Given her hectic work life, most of her free time is dedicated to her family – her husband and son – but she also believes it is important to give back to the community. She sits on the board for the March of Dimes, the Waikiki Improvement Association and the General Contractors Association. She is also active with the Waikiki Community Center’s Facilities Committee.

Thom credits her father with teaching her the value of staying true to herself, never to compromise her personal ethics and integrity. From her mother, she learned humility.

“I am not the best, but I should always strive to be the best I can be,” she explains. From both parents, she learned the value of respect.

She is inspired by her popos (grandmothers). “On my mother’s side, my Popo Ching worked full time at Pearl Harbor and raised nine children; she often would leave and return home in the dark.”

On her father’s side, Popo Thom came to the United States with six children and a sick husband, who soon died.

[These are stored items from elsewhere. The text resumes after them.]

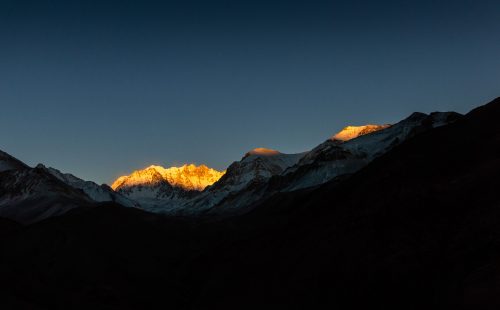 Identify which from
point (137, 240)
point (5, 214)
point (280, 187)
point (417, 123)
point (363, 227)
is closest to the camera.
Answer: point (363, 227)

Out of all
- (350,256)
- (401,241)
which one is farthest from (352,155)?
(401,241)

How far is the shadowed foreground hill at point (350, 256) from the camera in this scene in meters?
31.6

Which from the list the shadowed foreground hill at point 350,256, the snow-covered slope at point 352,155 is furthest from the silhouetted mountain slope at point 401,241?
the snow-covered slope at point 352,155

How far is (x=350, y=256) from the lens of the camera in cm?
3838

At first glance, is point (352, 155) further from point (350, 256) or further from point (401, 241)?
point (401, 241)

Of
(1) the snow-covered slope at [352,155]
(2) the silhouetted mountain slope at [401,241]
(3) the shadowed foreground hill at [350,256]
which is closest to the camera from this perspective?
(2) the silhouetted mountain slope at [401,241]

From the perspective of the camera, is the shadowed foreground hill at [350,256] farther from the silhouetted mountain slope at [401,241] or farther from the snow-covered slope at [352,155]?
the snow-covered slope at [352,155]

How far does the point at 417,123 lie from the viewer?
152750mm

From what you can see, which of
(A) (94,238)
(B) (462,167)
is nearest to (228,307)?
(B) (462,167)

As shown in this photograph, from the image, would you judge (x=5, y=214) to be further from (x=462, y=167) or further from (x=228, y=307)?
(x=462, y=167)

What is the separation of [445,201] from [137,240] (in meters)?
47.1

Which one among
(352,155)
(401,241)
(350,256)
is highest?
(352,155)

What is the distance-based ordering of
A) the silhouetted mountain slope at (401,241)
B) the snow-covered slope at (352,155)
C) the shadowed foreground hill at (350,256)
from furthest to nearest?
the snow-covered slope at (352,155) < the shadowed foreground hill at (350,256) < the silhouetted mountain slope at (401,241)

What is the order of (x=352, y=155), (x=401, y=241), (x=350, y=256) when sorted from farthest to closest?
1. (x=352, y=155)
2. (x=350, y=256)
3. (x=401, y=241) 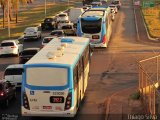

She learned English and supported her children.

“Remembering the adversity that these two amazing ladies successfully overcame inspires me to take on the opportunities that life brings my way.”


George Greene

Photo: David Croxford

President and CEO,
Healthcare Association of Hawaii
Age: 43

When George Green took over in 2009 at the Healthcare Association of Hawaii – an organization that includes all Hawaii hospitals and nursing facilities – one area he looked into was federal reimbursements to the state for Medicare and Medicaid patients.

“In 2009, we were in the bottom quartile for (federal) reimbursements in the country,” says Greene.

With his leadership, the Legislature passed a law that helped the state earn an extra $31 million in 2012 and again in 2013.  “People had been so focused on patient care and the traditional practice of medicine, they hadn’t thought to look at these kinds of opportunities,” he says.

The federal government is now footing 83 percent of the cost of healthcare for Hawaii’s Medicaid patients, compared to 70 percent before, says Greene, who has spent most of his career dealing with government regulations.

After law school at the University of Tennessee, Greene worked for congressman Bob Inglis from his hometown of Greenville, S.C., and then with the National Association of Home Builders, San Diego Mayor Susan Golding (helping raise $451 million to build Major League Baseball’s Padres a new stadium), San Diego’s Sharp HealthCare system and, finally, as Region 9 executive director for the American Hospital Association.

His interest in healthcare began when he was 18 and accompanied his mother to the hospital where his grandfather had just died. The two were sent to a room where his grandfather’s body lay on a table, unshaven and clad only in a hospital gown. His mother broke down when she saw her father like that.

“I knew this was wrong,” he says. “Why would you take my mother in here without giving her some preparation to see her father? I just knew that was not the way healthcare should be.”

Dr. Rachael Wong, the Healthcare Association of Hawaii’s VP and COO, says Greene has made a huge difference in many areas of Hawaii healthcare.

“In a difficult financial climate and with unprecedented change for healthcare organizations, George has taken incredible strides to make a difference for those providing care in Hawaii,” she says. “His leadership was instrumental to the passage of legislation to streamline access to long-term support and services for older adults, appropriate funds for emergency services, eliminate conflicts between state and federal health information laws, facilitate hospital accreditation, encourage sharing of best practices among facilities, and protect healthcare workers.”